# Page Layout Options Grayed Out



## alhypo (Oct 25, 2012)

This is not a question. Just a general comment for all programmers (especially those at Microsoft) to keep in mind. And a bit of a rant, I suppose.

It is really annoying when programmers try to get too clever.

For example, did you know that if you don't have a printer installed, you can't use most of the options on the Page Layout tab in Excel 2010?

So what, right? Why would you need to use those settings if you don't have a printer?

Well, I email dozens of reports each week to hundreds of people. Rather than forcing all of them to check print settings for each document, I make sure the print settings are already setup right. Everyone knows they can just mindlessly click "Print" on any document I send them and it will come out right. I rarely print the documents myself.

And sometimes the network printer I'm connected to goes down and IT has to load new drivers and such. While they are doing that, I don't have a valid printer, and Excel—being that it is so clever—disables many of the print related settings on the Page Layout tab. So I can't properly setup my documents for distribution. (OK, I can... But not as easily.)

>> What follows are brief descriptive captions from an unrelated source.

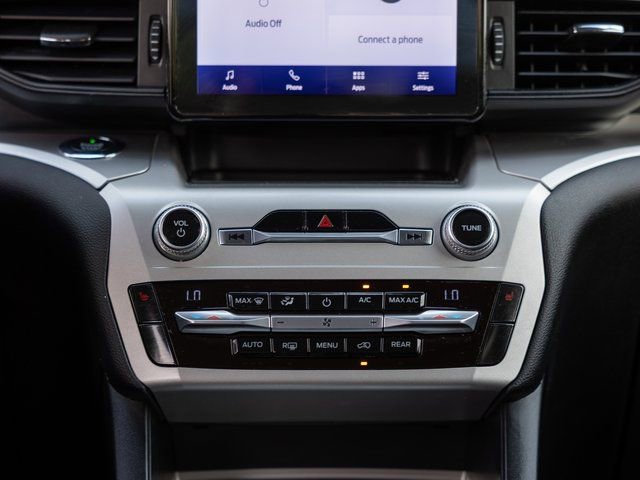 Used 2021 Ford Explorer XLT image 18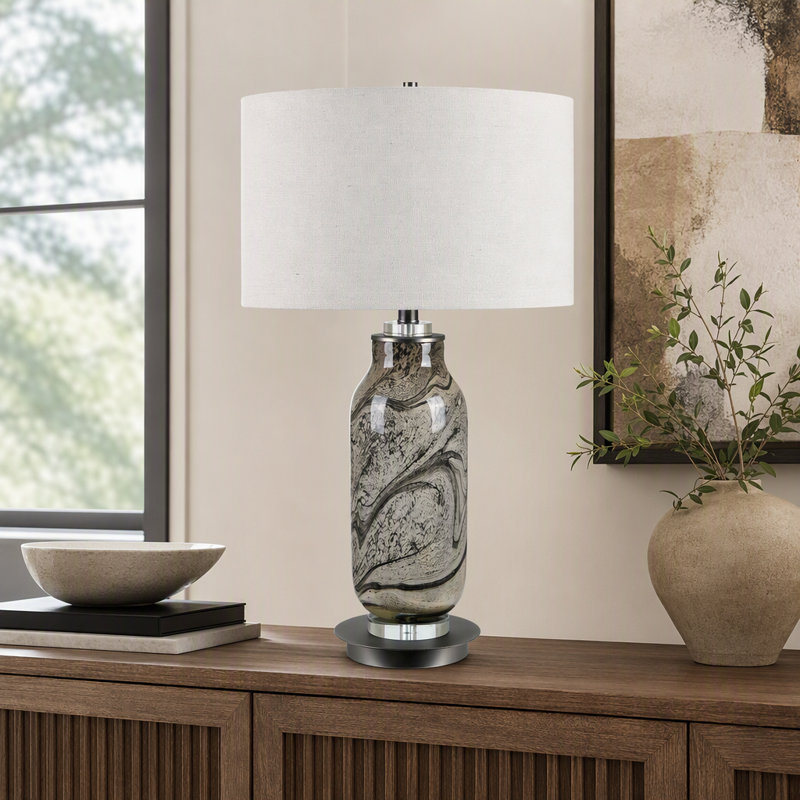 Lampe de table en verre gris de 71 cm de hauteur avec abat-jour cylindrique en lin couleur avoine.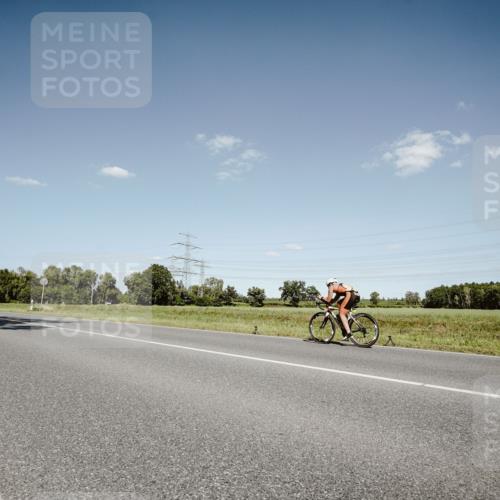 07.09.2025 - 19. Norderstedt Triathlon Michael Burmester http://msf.ph/oto/8853251 07.09.2025 14:43:27 Radfahren 960 meine-sportfotos.de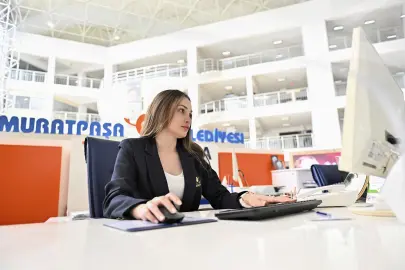 Antalya Muratpaşa'da 15 bin başvuru çözüldü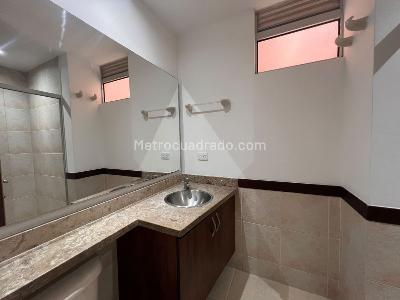 Apartamento de 2 alcobas en arriendo en El Poblado Castropol, Medellín, 65 m² · foto 9 de 14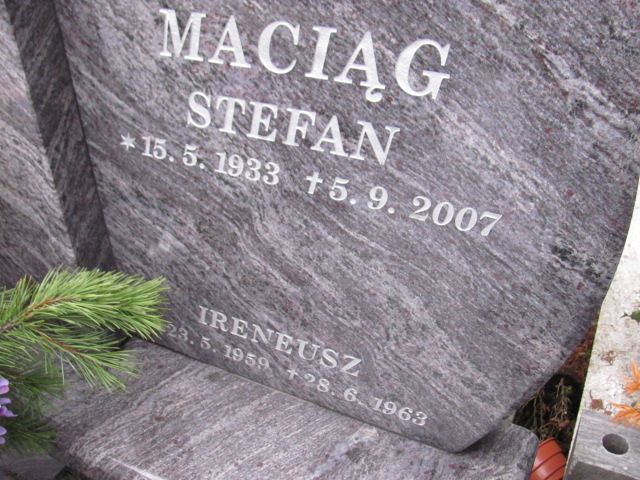 Ireneusz Maciąg 1959 Bielsko-Biała katedra - Grobonet - Wyszukiwarka osób pochowanych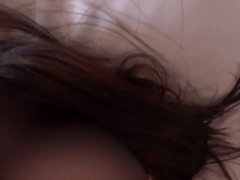 男性エステティシャンが客の女性にオイルを塗って気持ちよくしちゃう動画 - Screenshot 14 of 16 - Rubbing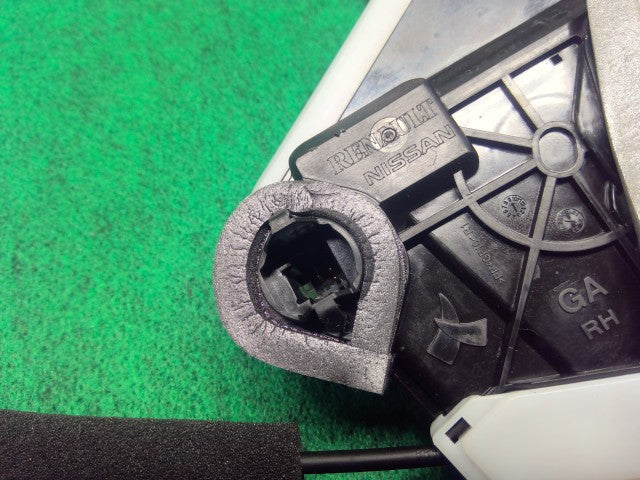 【中古】エクストレイル 6AA-SNT33 右フロントドアロックソレノイド 80500-6RD0A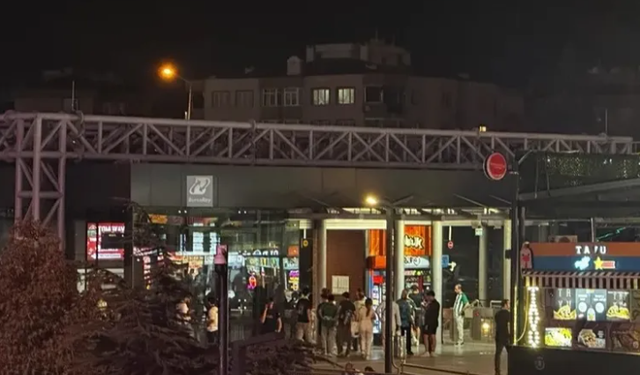 Bursaspor maçı sonrası metroda büyük yoğunluk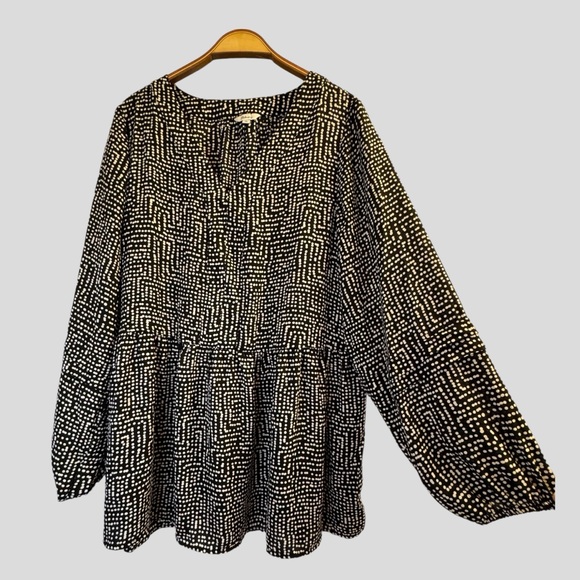 Reitmans Women’s Top XL Black White Polka Dots Tunic Length Long Sleeves - Picture 3 of 9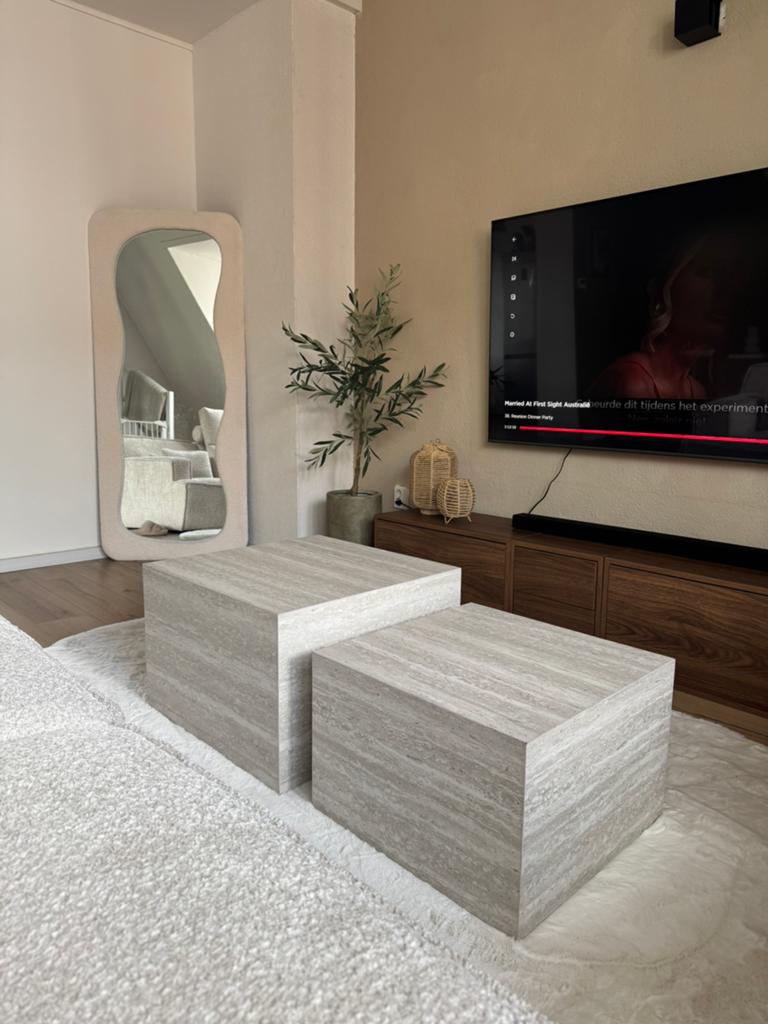 Jysk Salontafel ROLSTED 58x58/50x50 travertijn 2 stuks, Ophalen, 50 tot 100 cm, Zo goed als nieuw, Minder dan 100 cm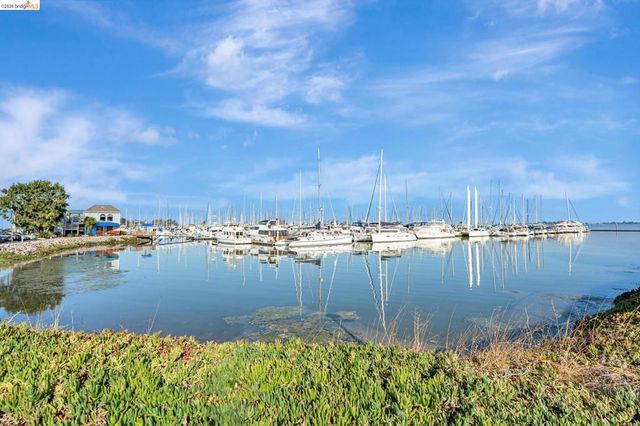 2 ADMIRAL DRIVE B276, Emeryville, CA 94608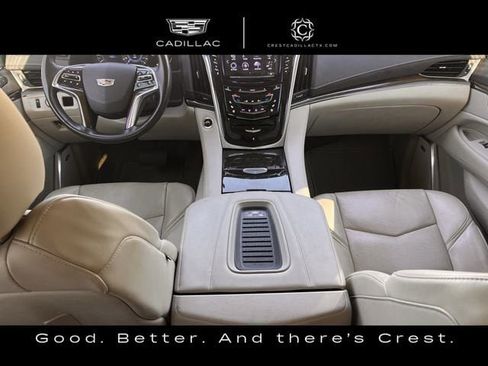 Used 2020 Cadillac Escalade Premium Luxury image 10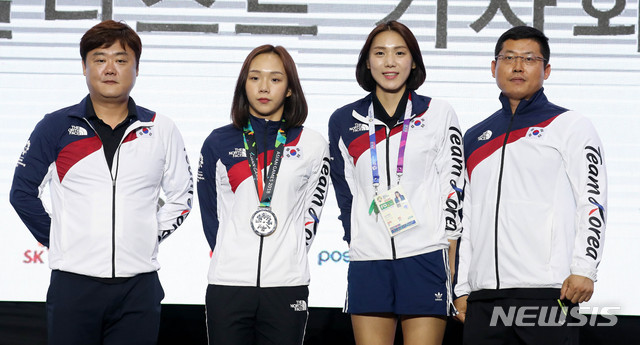 왼쪽부터 김인균 감독, 김서영, 이지선 코치, 안무진 트레이너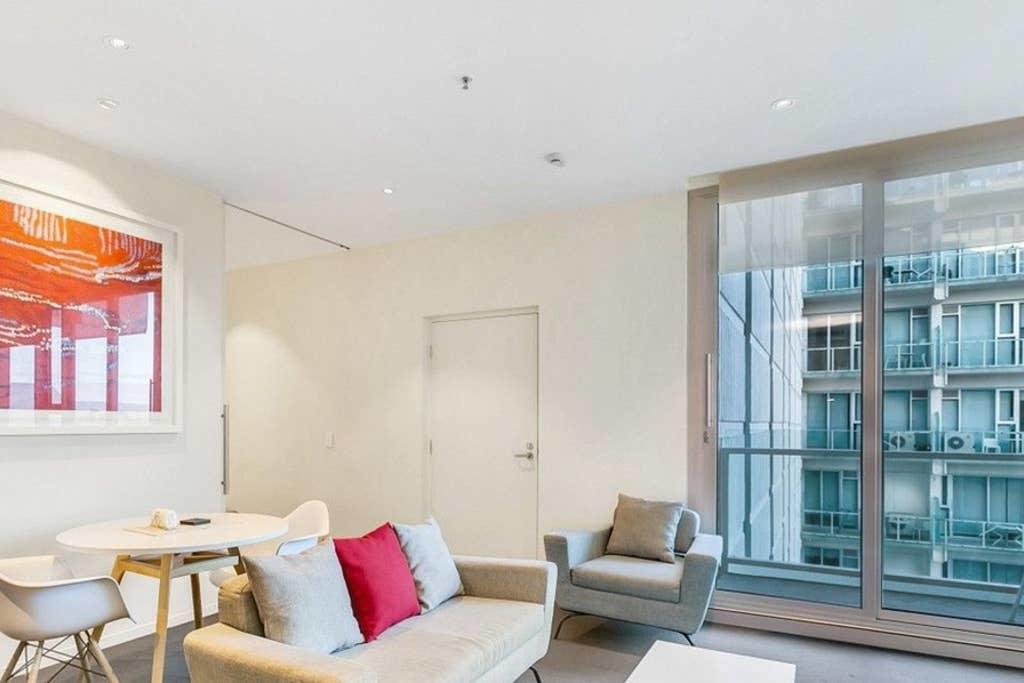 Luxury 2 Bdrm In Watson At Walkerville With Balcony, FREE Carpark, Near Adelaide CBD - thumb 2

See, super-clever Microsoft programmers? There is a good reason to have Page Layout options available even when I don't have a valid printer. And even if there was no good reason to have those options available, there would still be no harm in keeping them active. In general, I think good programming practices would have options disabled under certain conditions only if they would cause harm or confusion while enabled. In this case, there is clearly more confusion from having them gray out when there is no printer. It certainly took me a few minutes to figure out what was going on. 

So basically, programmers are asking themselves the wrong questions. "Would users who don't have printers ever need the Page Layout functions?" is not the right question. The better question is, "Would having Page Layout functions enabled while there is no printer connected cause any harm?" I think the answer is obvious. 

Anyway, Microsoft is not great about fixing this sort of thing and they are terrible at taking feedback. One example is the three-digit code pivot table bug. At work, I use pivot tables with coded letters concatonated together for clasification purposes. However, if you happen to end up with a three letter code that corresponds to a month abbreviation, there is no way to sort it properly. Any three digit code that looks like a month (JAN, FEB, MAR, etc.) will always be sorted at the top and in month order even if 99% of the other codes have no similarity to months. There is no way around this other than to tack on a space to the end so the algorithm no longer recognizes it as a month, but that causes vLookup issues if you forget about the space. Well, I've found posts relating to this all the way back to 2002, so clearly Microsoft is not interested in fixing this idiotic, inflexible, hard-coded sort method. This is an example of terrible programming practices. It should be the goal of all programmers to make their methods as general as possible. 

It's great that programmers try to make their applications easy to use and idiot proof. But disabling Page Layout is not protecting the computer from idiots. It's just silly, annoying, and embarrasing for Microsoft.


----------



## Macropod (Oct 27, 2012)

Not much point in having a rant here - I doubt anyone from MS would ever see it.

In any event, the page setup fix is as simple as installing a printer driver for any printer that supports the paper sizes you might need to work with. Install it as a local printer rather than as a network one. You don't need to have the printer available.


----------